Center Hill High School has many teachers with animals in the classroom for educational purposes and fun.

“They teach kids compassion, responsibility and companionship, but for science they are also related to a lot of our lessons,” said Jennifer Denham, a biology teacher.

Denham sometimes brings a small corn snake named Richard to her classroom. Last year another of Denham’s snakes, Corny, escaped and wandered the school before being found. She said corn snakes are harmless and non-venomous.

“Snakes are different than most other classroom pets,” Denham said. “(Corny) could climb up walls or into corners and be invisible, but snakes require a specific heat and humidity. I had two students last semester that decided to leave a small opening in his cage and he was able to get out and starve before I got to him.”

Denham said she takes precautions now with Richard.

“I bring him in a couple times a week for his safety and protection,” she said.
Snakes make good classroom pets, Denham said, because they need very little maintenance.

“Clean water, clean habitat, correct temperature, humidity, proper diet and feed at the proper time,” she said. “If you don’t keep the habitat clean or wash your hands after touching them, you can make the animals sick or you could get sick.”

Denham acknowledged that her students can be scared of snakes.

“For the most part yes,” she said. “They tend to be a little afraid of the snake at first so they poke it and I have to correct them on that.”

Ashlee Young, one of the Spanish teachers at CHHS, has a white bunny named Blanca in her classroom.

“I remember having (pets) in elementary school,” Young said. “We had a goldfish and the teachers liked to get our reactions. There is a correlation between animals and mental health.”

Young said she, not her students, is responsible for taking care of Blanca. This involves making sure the bunny has plenty of food and water and that her cage is cleaned.

“It’s lit,” 10th-grader Chris Burks said about Blanca, adding that holding her “is a great way to take a break.”

Another of Young’s students, 11th-grader Omaria Crutchfield, said having a pet in the classroom is a conversation starter. Caden Tackett, a freshman in Kerry Matthews’ biology class, said classroom pets are comforting.

“It makes me feel at home, because I have a pet at home and I have one at school,” Tackett said.

In her classroom, Matthews has a bunny named Oreo, two cockatiels named Chainsaw and Pickles, and a betta, or Siamese fighting fish, named Mr. Coffee. The fish is appropriately named because he lives in an old coffee pot.
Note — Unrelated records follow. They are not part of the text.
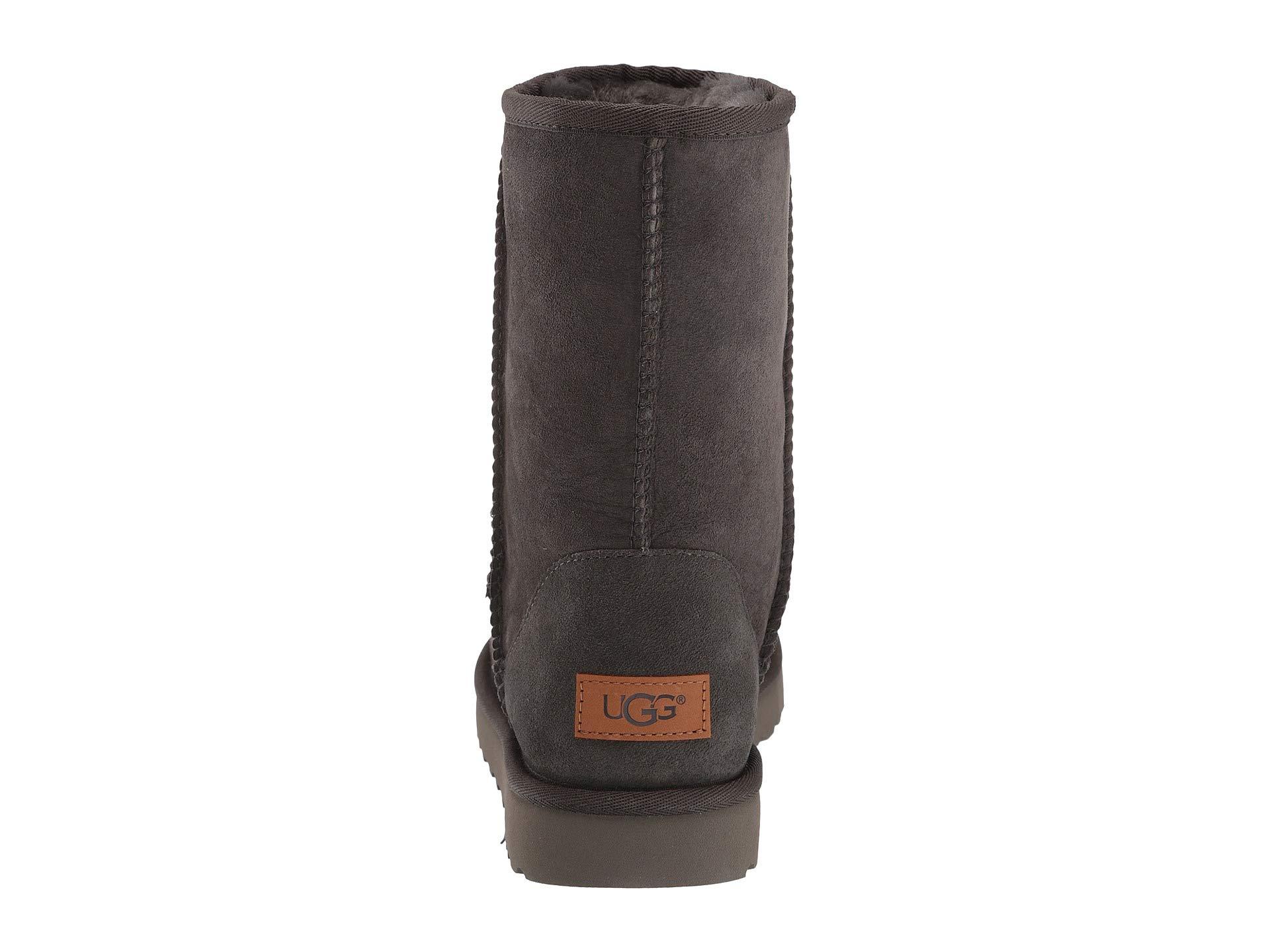 olive green uggs classic short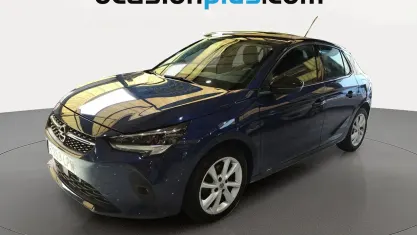 Usado Opel Corsa Elegance 101 CV (74 kW) 2021 Azul Utilitario
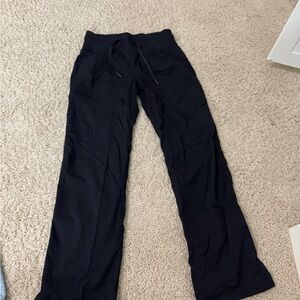 Lululemon dance studio pants size 4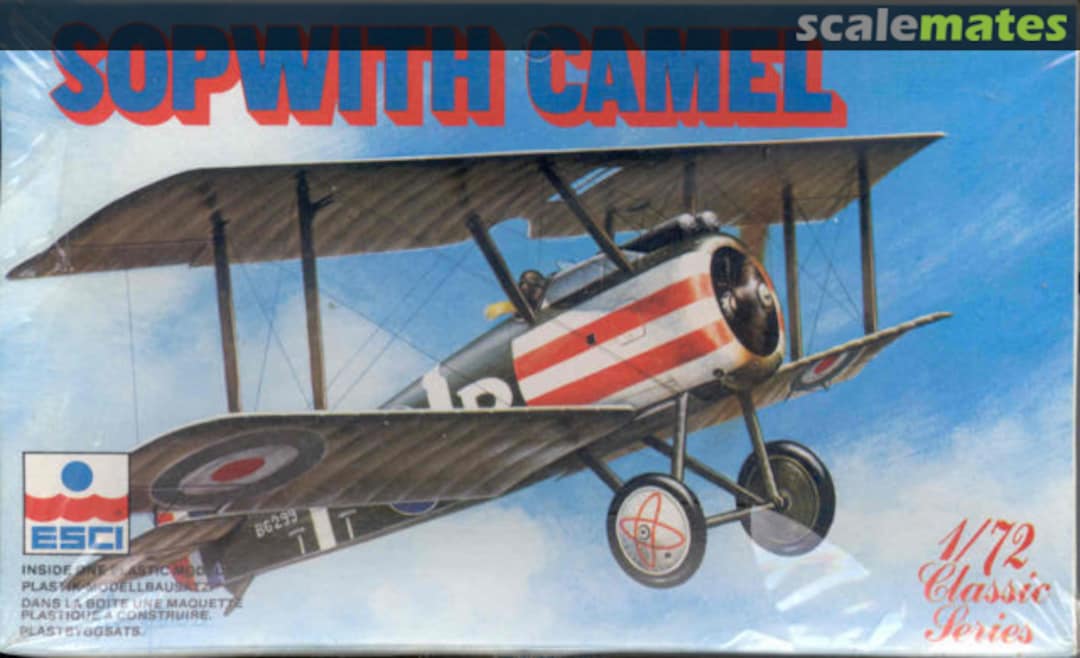 Boxart Sopwith Camel 9020 ESCI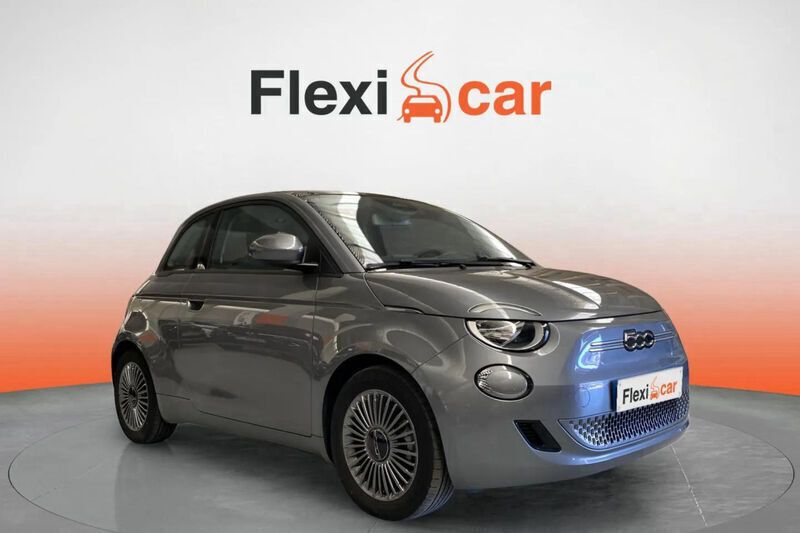 Gris Usado 2022 Fiat 500e Icon Berlina | 12.790 € (Super precio) - Imagen 1/4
Other animals at CHHS live on the school farm, which is operated by nutrition and wellness and resource management teacher Angel Pilcher. She said there are many reasons to have animals, including pigs and chickens, at school.

“It teaches respect and appreciation for life,” she said. “It brings students together, introduces possible career options previously unexplored, is a positive outlet for mental wellness, and encourages school attendance. I believe all families should have a family pet, and we are a Center Hill family!”